* WHAT YOU HAVE TO DO *
Wherever an image appears in the records, exclude it, and reproduce everything else exactly.

* STORED DATA *
┌──

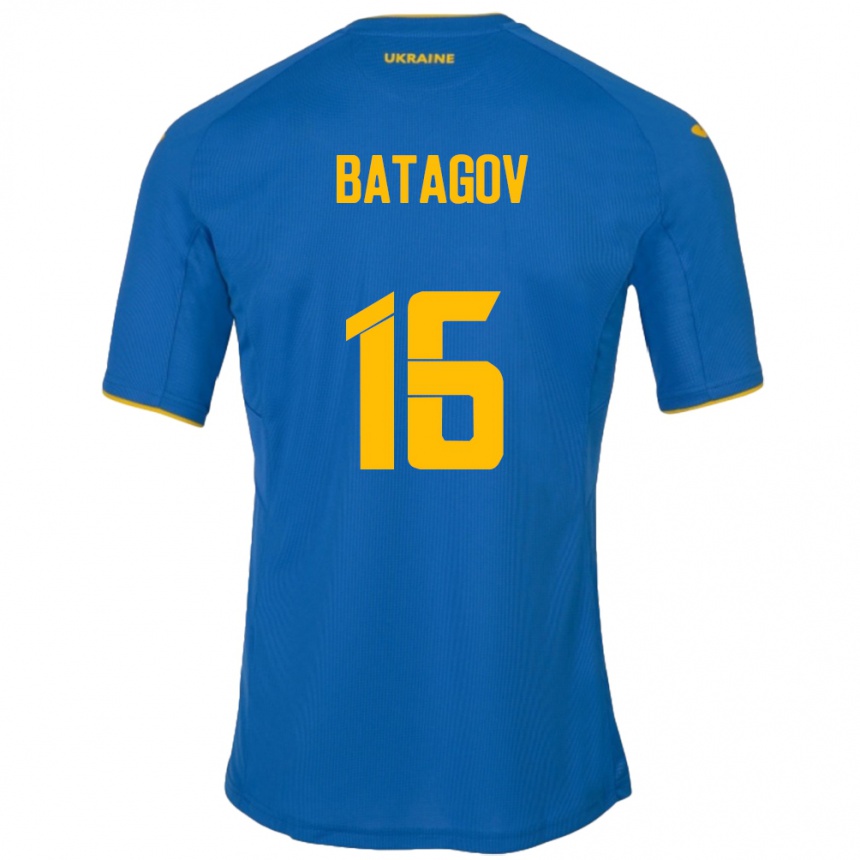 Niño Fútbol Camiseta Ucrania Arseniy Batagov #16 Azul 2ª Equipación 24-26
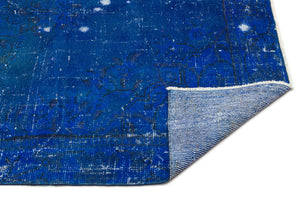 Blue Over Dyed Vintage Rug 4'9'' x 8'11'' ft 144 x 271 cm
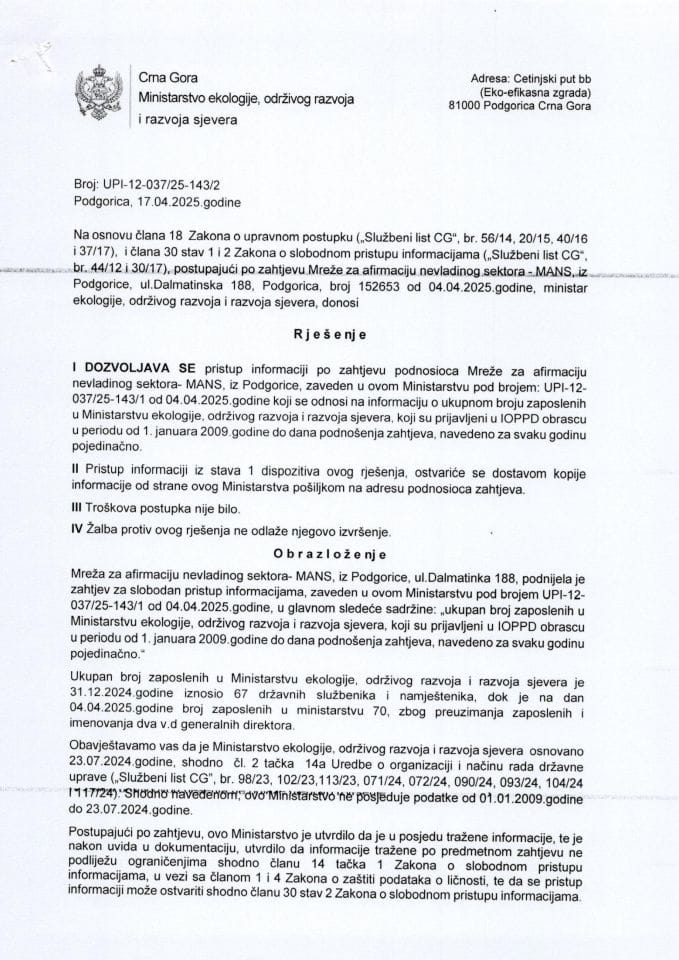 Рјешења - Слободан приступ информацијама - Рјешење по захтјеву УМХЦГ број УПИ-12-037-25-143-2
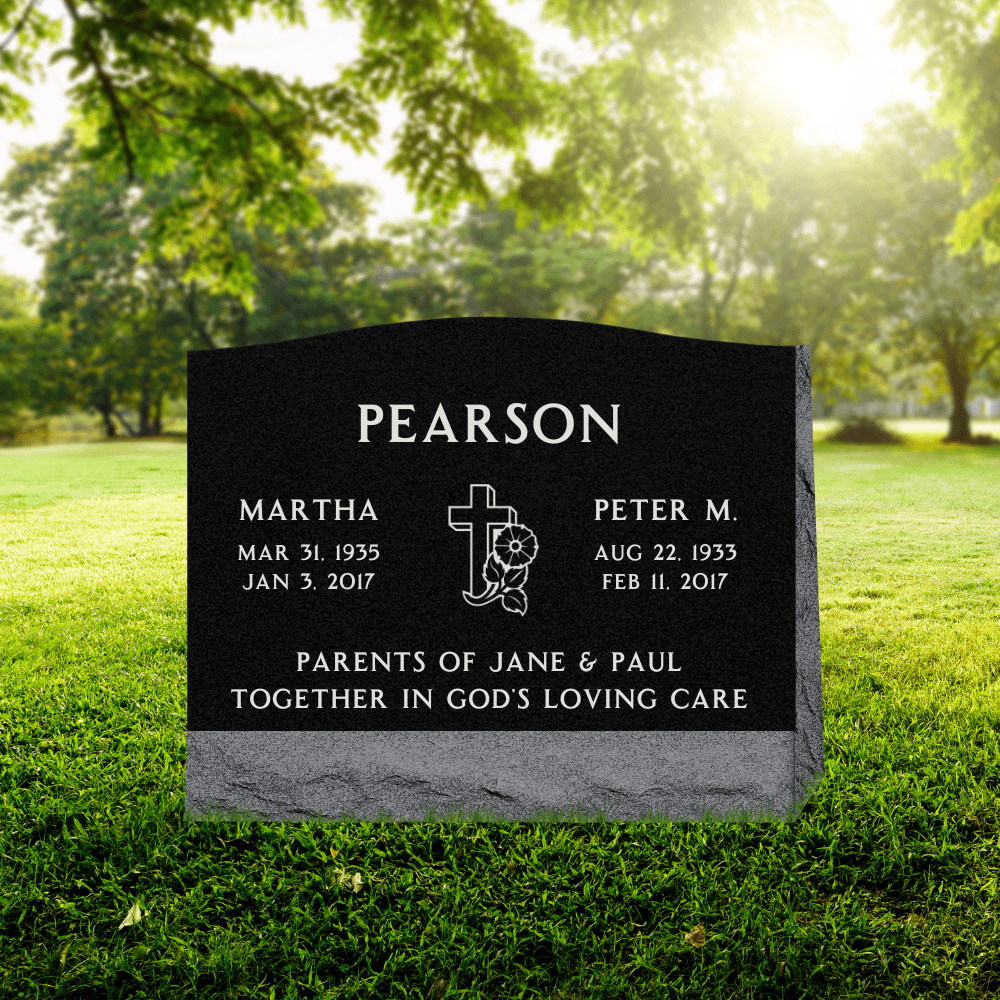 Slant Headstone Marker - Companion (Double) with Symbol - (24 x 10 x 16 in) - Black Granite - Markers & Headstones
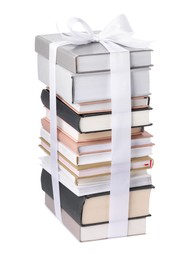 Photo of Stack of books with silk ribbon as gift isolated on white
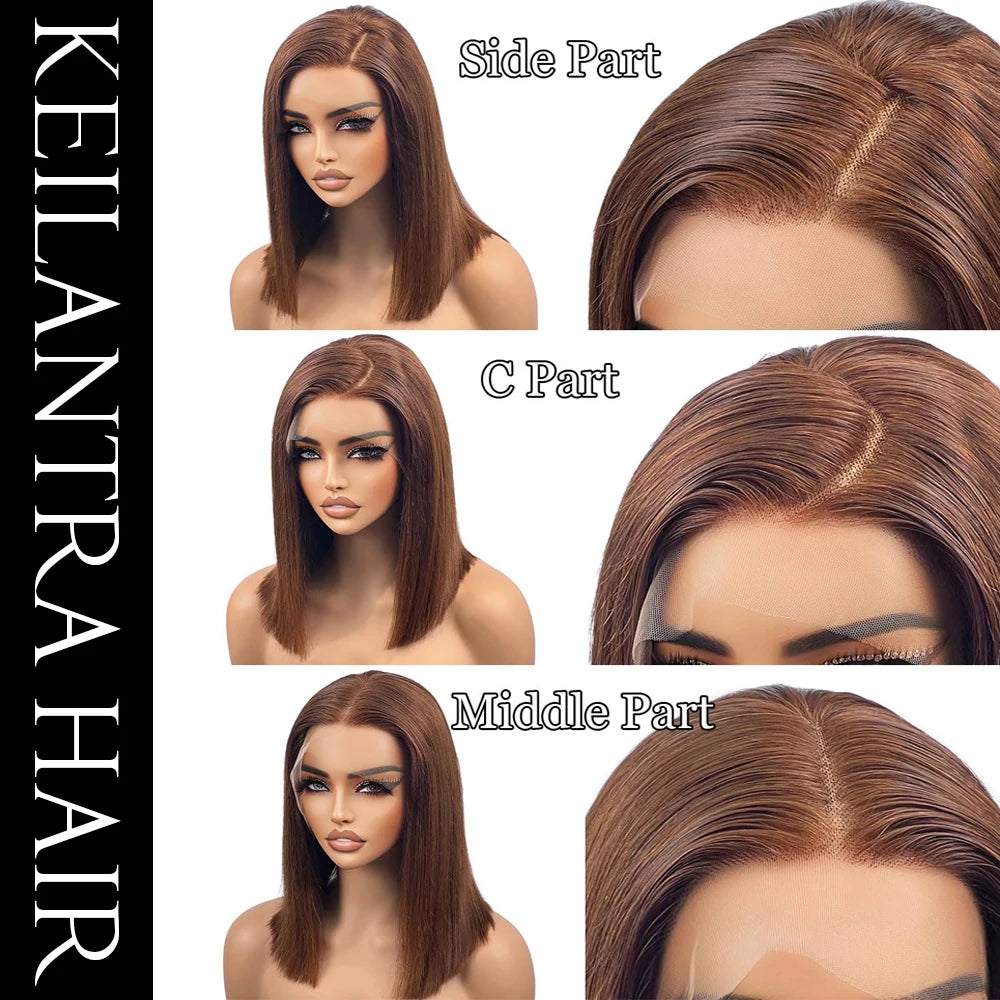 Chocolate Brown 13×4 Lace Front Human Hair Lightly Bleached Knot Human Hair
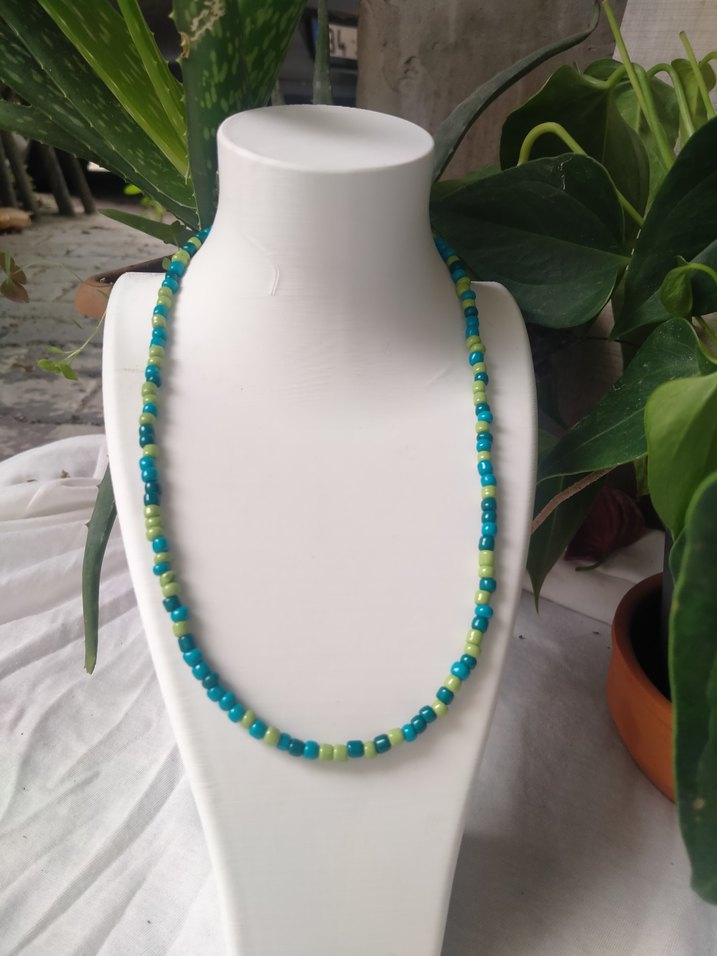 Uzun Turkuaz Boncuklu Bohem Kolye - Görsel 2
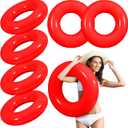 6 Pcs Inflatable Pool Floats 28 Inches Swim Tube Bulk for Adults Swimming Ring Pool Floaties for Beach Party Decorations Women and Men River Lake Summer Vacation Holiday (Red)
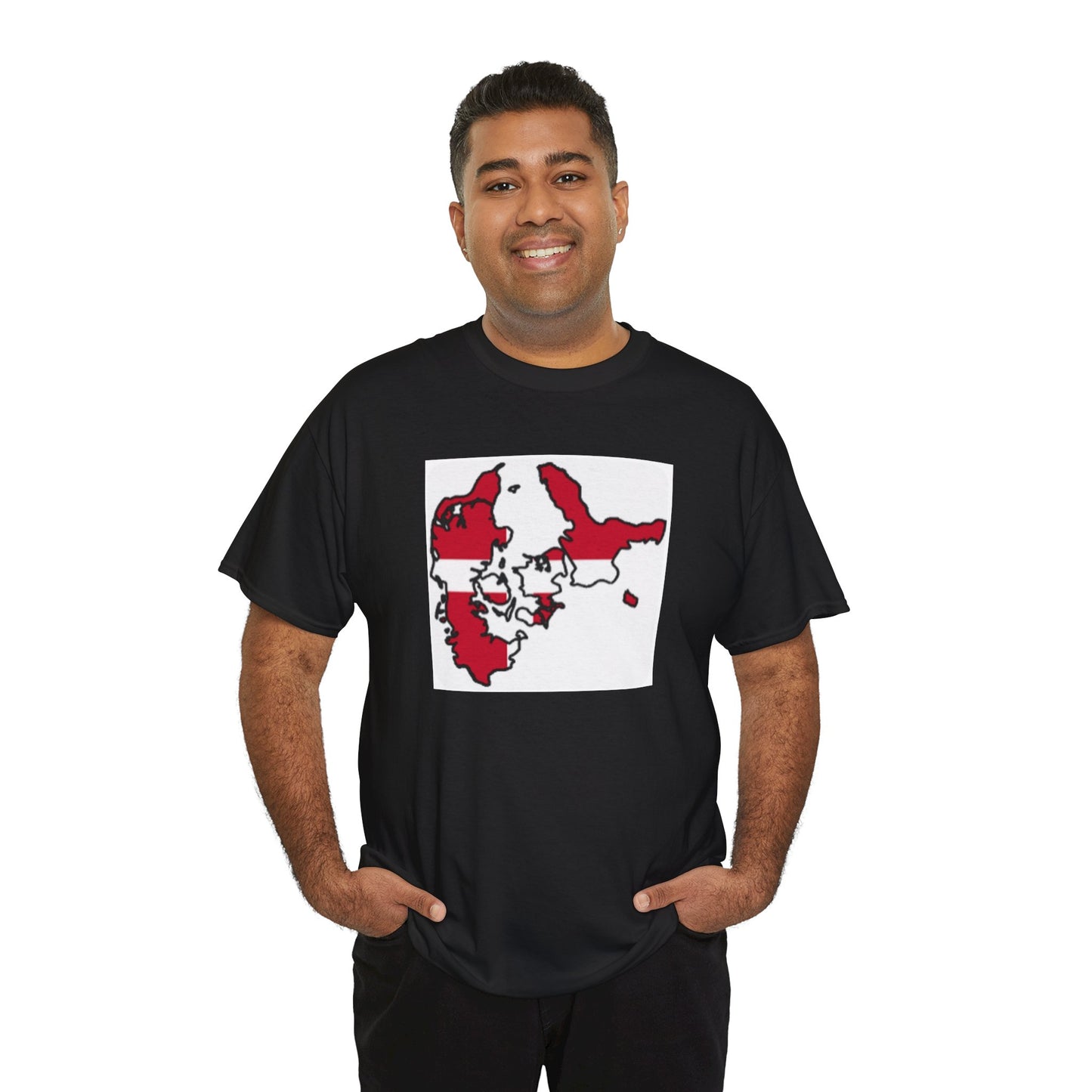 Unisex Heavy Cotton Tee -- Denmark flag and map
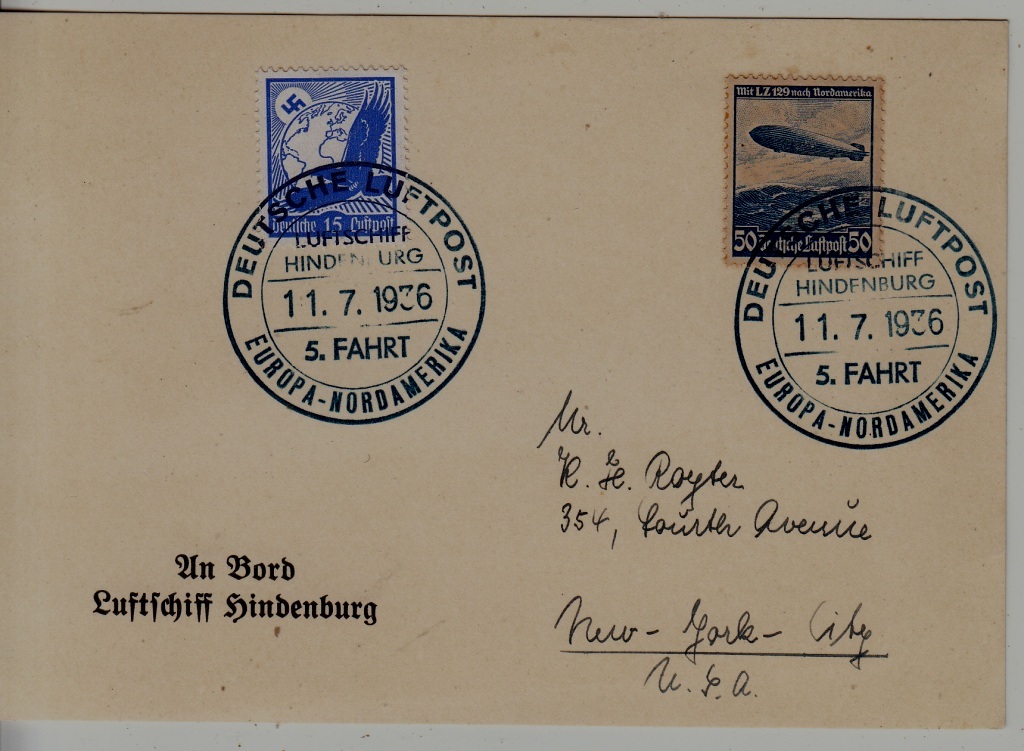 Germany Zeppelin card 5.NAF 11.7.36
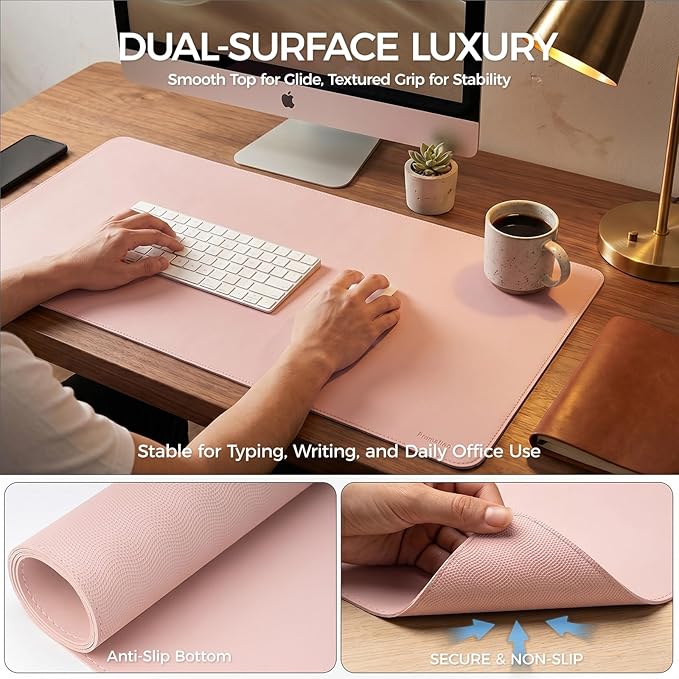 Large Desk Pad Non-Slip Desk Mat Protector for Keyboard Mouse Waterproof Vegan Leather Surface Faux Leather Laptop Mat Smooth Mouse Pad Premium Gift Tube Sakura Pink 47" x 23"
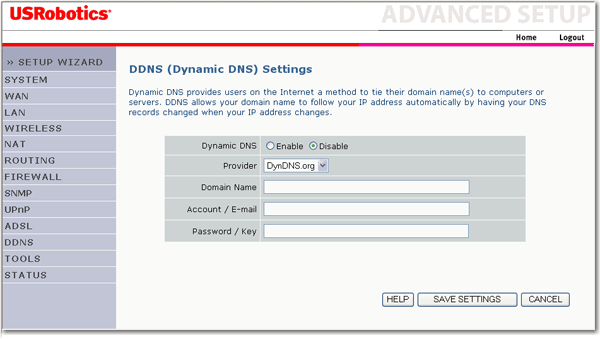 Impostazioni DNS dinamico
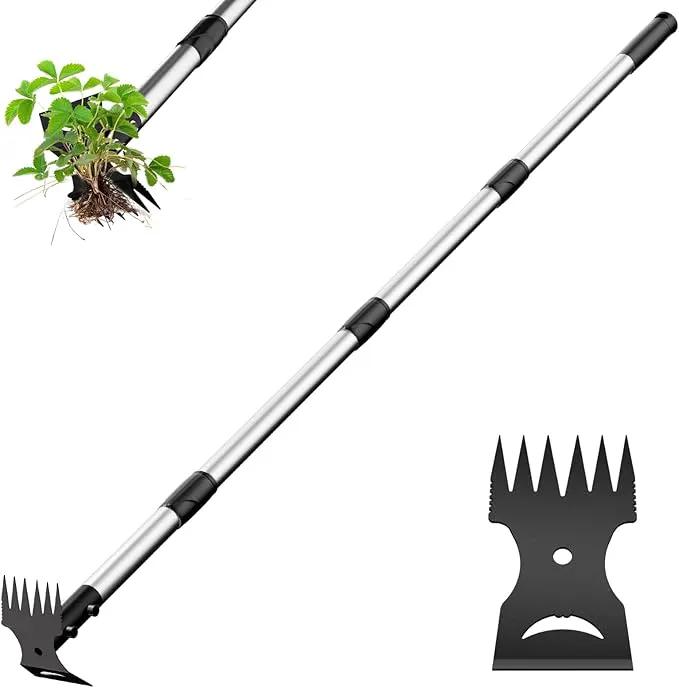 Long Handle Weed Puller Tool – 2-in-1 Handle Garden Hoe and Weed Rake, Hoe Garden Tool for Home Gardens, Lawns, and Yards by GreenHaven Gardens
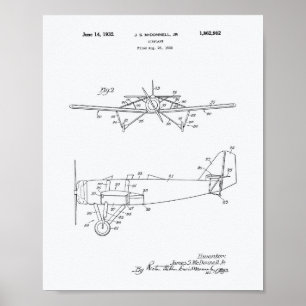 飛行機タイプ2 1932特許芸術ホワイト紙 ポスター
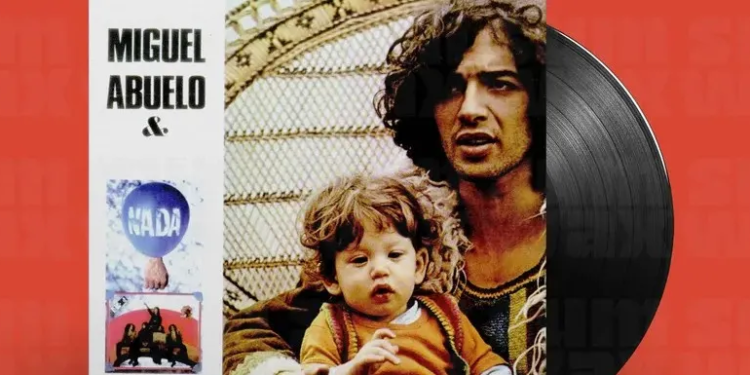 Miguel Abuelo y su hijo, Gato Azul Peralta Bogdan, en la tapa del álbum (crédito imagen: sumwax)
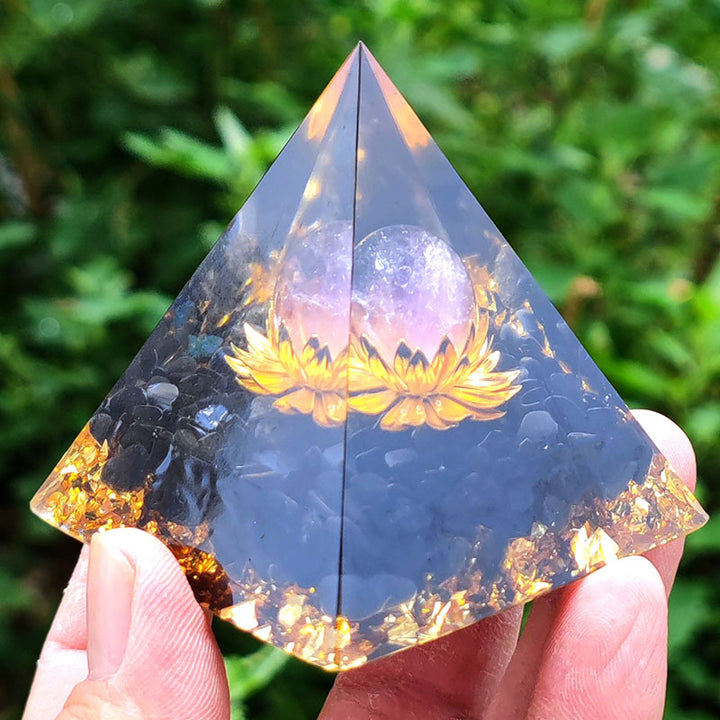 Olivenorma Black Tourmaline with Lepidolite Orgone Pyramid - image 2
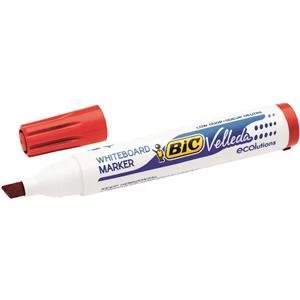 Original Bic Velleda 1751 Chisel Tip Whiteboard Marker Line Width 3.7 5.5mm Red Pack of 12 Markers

└──

* COMPLETED EXERCISE *
 Niño Fútbol Camiseta Ucrania Arseniy Batagov #16 Azul 2ª Equipación 24-26
 Blue Over Dyed Vintage Rug 4'9'' x 8'11'' ft 144 x 271 cm
 Рјешења - Слободан приступ информацијама - Рјешење по захтјеву УМХЦГ број УПИ-12-037-25-143-2
 Slant Headstone Marker - Companion (Double) with Symbol - (24 x 10 x 16 in) - Black Granite - Markers & Headstones
 Photo of Stack of books with silk ribbon as gift isolated on white
 Chocolate Brown 13×4 Lace Front Human Hair Lightly Bleached Knot Human Hair
 Uzun Turkuaz Boncuklu Bohem Kolye - Görsel 2
 6 Pcs Inflatable Pool Floats 28 Inches Swim Tube Bulk for Adults Swimming Ring Pool Floaties for Beach Party Decorations Women and Men River Lake Summer Vacation Holiday (Red)
 Unisex Heavy Cotton Tee -- Denmark flag and map
 Germany Zeppelin card 5.NAF 11.7.36
 Large Desk Pad Non-Slip Desk Mat Protector for Keyboard Mouse Waterproof Vegan Leather Surface Faux Leather Laptop Mat Smooth Mouse Pad Premium Gift Tube Sakura Pink 47" x 23"
 Impostazioni DNS dinamico
 Long Handle Weed Puller Tool – 2-in-1 Handle Garden Hoe and Weed Rake, Hoe Garden Tool for Home Gardens, Lawns, and Yards by GreenHaven Gardens
 飛行機タイプ2 1932特許芸術ホワイト紙 ポスター
 Miguel Abuelo y su hijo, Gato Azul Peralta Bogdan, en la tapa del álbum (crédito imagen: sumwax)
 Olivenorma Black Tourmaline with Lepidolite Orgone Pyramid - image 2
 Original Bic Velleda 1751 Chisel Tip Whiteboard Marker Line Width 3.7 5.5mm Red Pack of 12 Markers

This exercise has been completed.